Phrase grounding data
=======

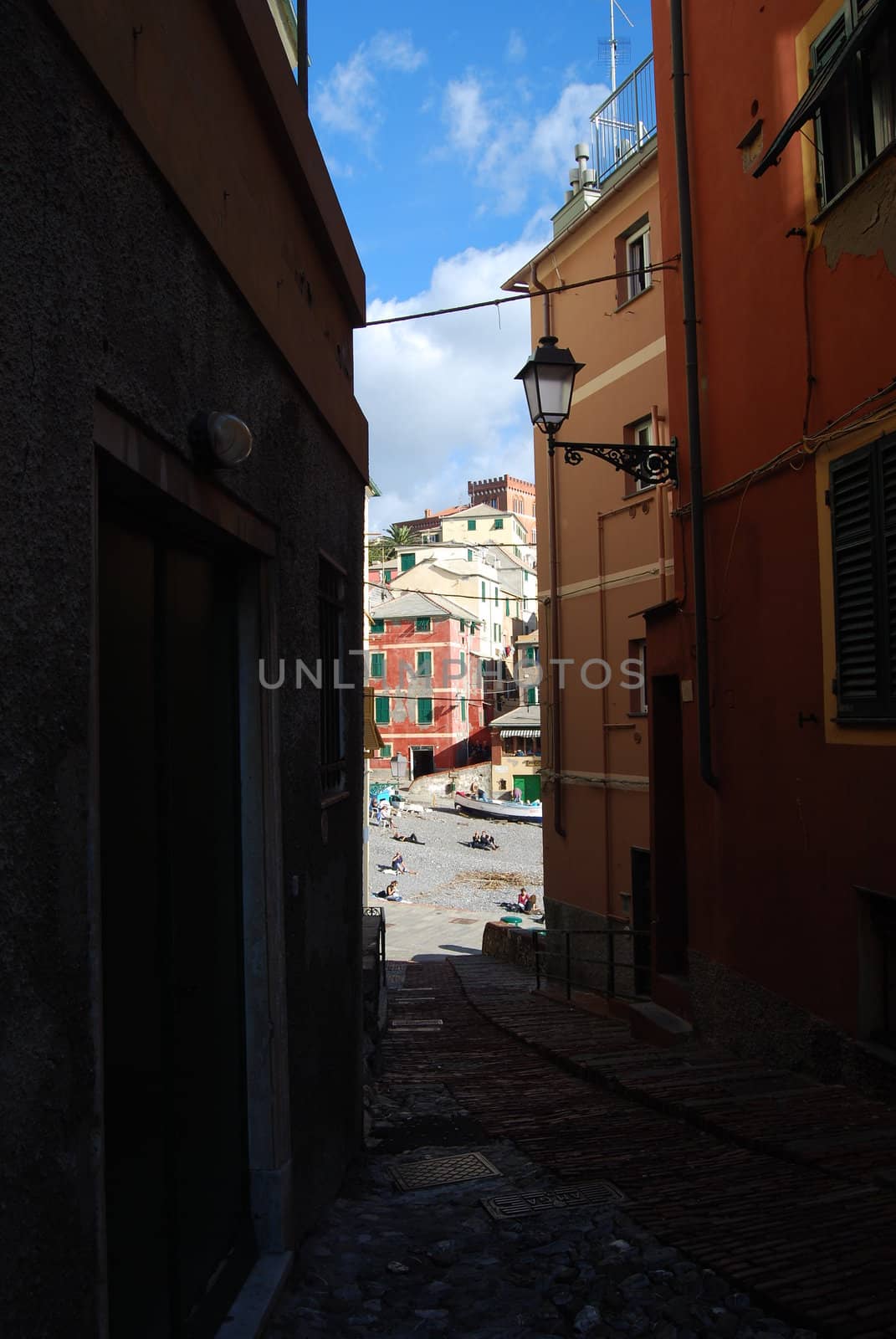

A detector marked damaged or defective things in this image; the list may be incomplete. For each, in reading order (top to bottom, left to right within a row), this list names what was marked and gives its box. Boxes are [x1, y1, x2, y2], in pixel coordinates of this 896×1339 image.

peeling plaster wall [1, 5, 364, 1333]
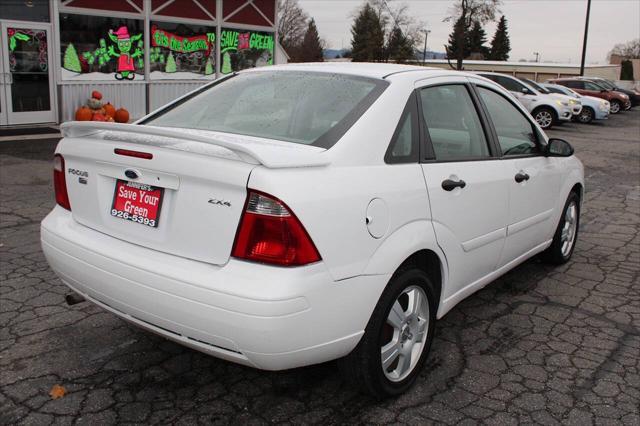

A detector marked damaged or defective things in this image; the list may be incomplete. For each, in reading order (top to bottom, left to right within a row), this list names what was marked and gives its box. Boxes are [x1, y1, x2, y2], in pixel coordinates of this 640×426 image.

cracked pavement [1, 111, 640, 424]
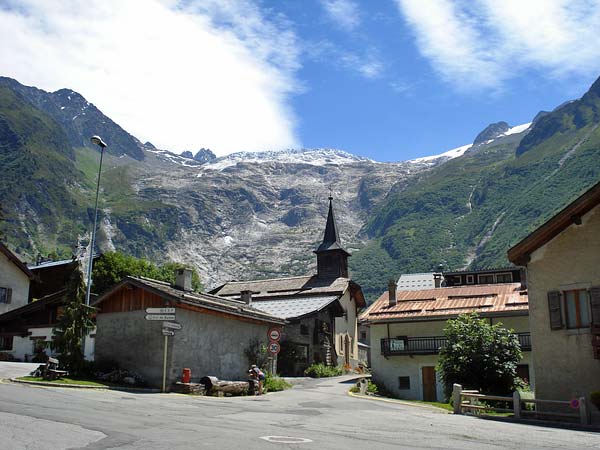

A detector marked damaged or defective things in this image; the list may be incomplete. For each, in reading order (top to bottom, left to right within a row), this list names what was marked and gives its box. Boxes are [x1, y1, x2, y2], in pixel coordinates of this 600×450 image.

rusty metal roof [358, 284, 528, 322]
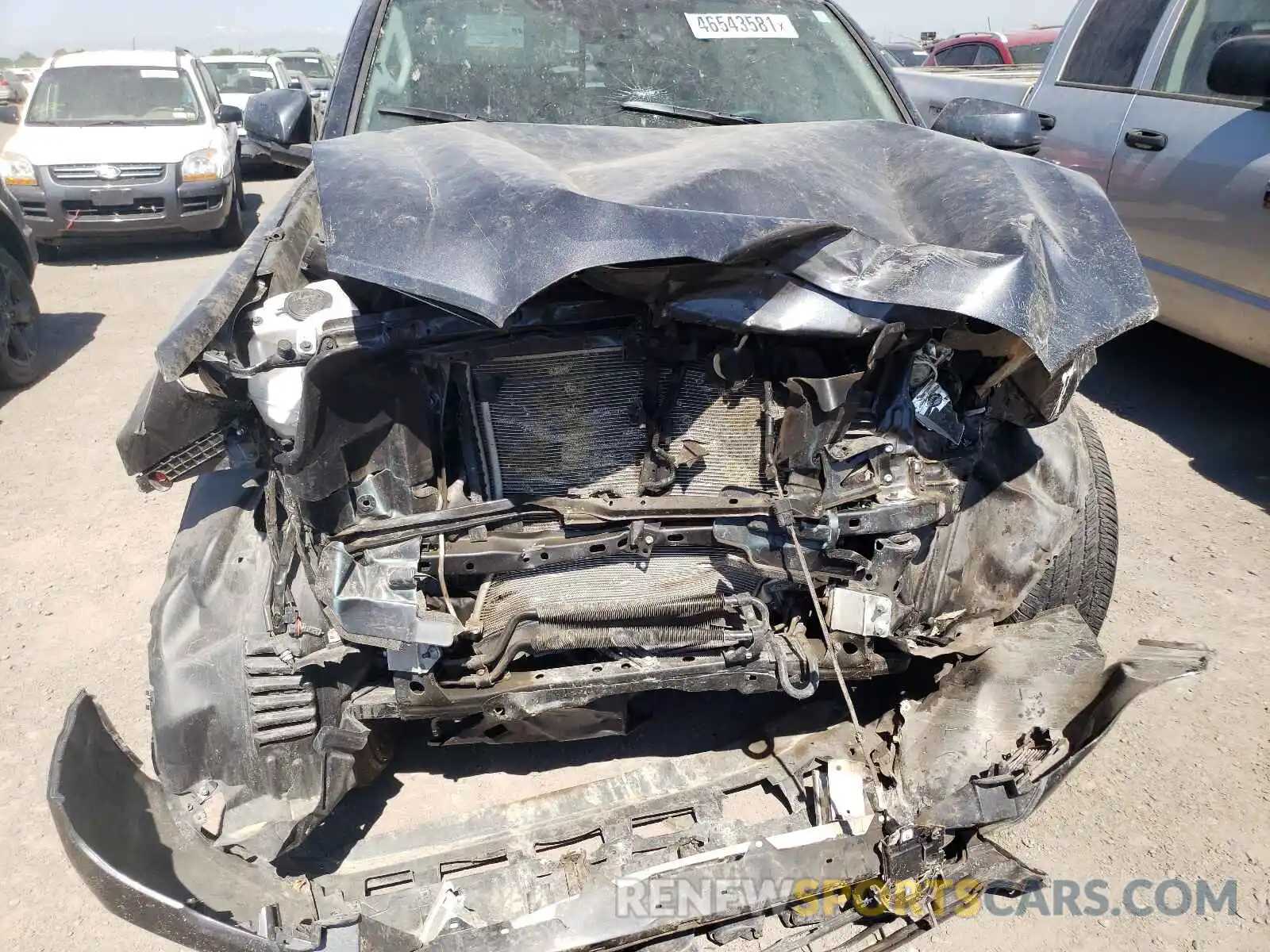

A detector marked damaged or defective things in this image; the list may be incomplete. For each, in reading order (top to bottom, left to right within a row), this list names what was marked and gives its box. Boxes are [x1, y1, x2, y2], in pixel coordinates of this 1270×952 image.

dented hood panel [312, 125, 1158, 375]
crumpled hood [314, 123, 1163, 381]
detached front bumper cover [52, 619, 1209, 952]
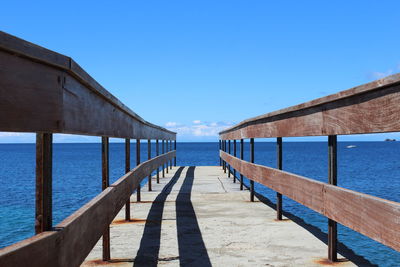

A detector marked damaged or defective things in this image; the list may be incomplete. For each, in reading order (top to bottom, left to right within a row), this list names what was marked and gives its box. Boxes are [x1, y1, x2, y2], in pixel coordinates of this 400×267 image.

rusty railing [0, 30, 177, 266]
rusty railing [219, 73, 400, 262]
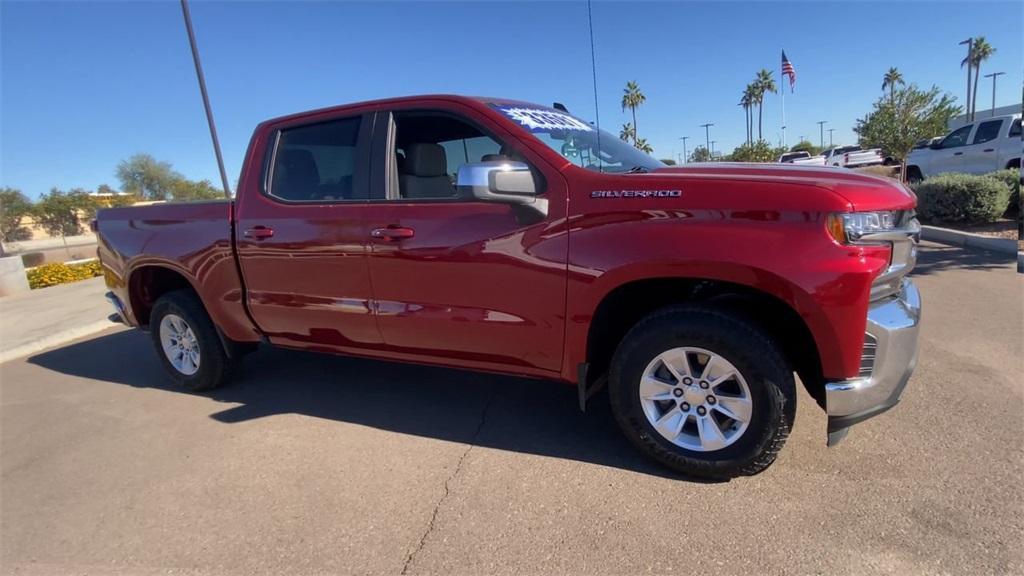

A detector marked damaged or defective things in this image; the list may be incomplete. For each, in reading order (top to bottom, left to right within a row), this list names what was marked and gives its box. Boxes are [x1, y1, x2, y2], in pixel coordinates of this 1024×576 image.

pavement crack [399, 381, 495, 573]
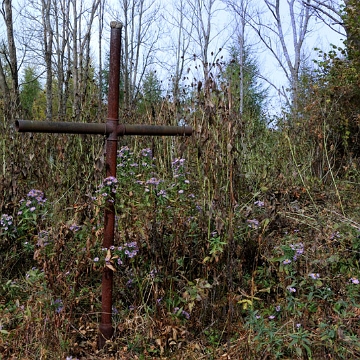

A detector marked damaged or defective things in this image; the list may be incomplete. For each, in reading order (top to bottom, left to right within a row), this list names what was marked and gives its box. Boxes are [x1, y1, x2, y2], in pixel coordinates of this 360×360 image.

=======

Exactly the lines from the one with "this 600×450 image." through the end of the records should be written out, and only those. Pictures do not belong in the copy.

- _RESPONSE TO THE TASK_
A detector marked damaged or defective things in this image; the list may be incomplete. For each, in reading order (top to bottom, left to right within a row), this list names what was marked and gives its box. Boxes are [x1, y1, x2, y2], in pixel coordinates of this 600×450 image.

rusty metal roof [358, 284, 528, 322]

A detector marked damaged or defective things in this image; the list may be incomplete. For each, in reading order (top to bottom, left to right within a row), this list names what was marked and gives its box. Boxes are [x1, y1, x2, y2], in pixel coordinates of this 1270×952 image.

dented hood panel [312, 125, 1158, 375]
crumpled hood [314, 123, 1163, 381]
detached front bumper cover [52, 619, 1209, 952]

A detector marked damaged or defective things in this image; the list may be incomplete. For each, in reading order (top to bottom, left to right within a row), this list names what was marked and gives its box. Boxes are [x1, y1, x2, y2], in pixel coordinates of this 400×267 image.

rusty railing [0, 30, 177, 266]
rusty railing [219, 73, 400, 262]

A detector marked damaged or defective things in this image; the list may be incomplete. For each, in reading order (top to bottom, left to right within a row), this list names what was marked and gives its box. Boxes are [x1, y1, x2, y2], in pixel coordinates of this 1024×576 image.

pavement crack [399, 381, 495, 573]

A detector marked damaged or defective things in this image; the list may be incomplete. For each, in reading order (top to bottom, left to right within a row), this list names what was marked and gives its box. Boxes are [x1, y1, x2, y2], in pixel coordinates of this 360×360 image.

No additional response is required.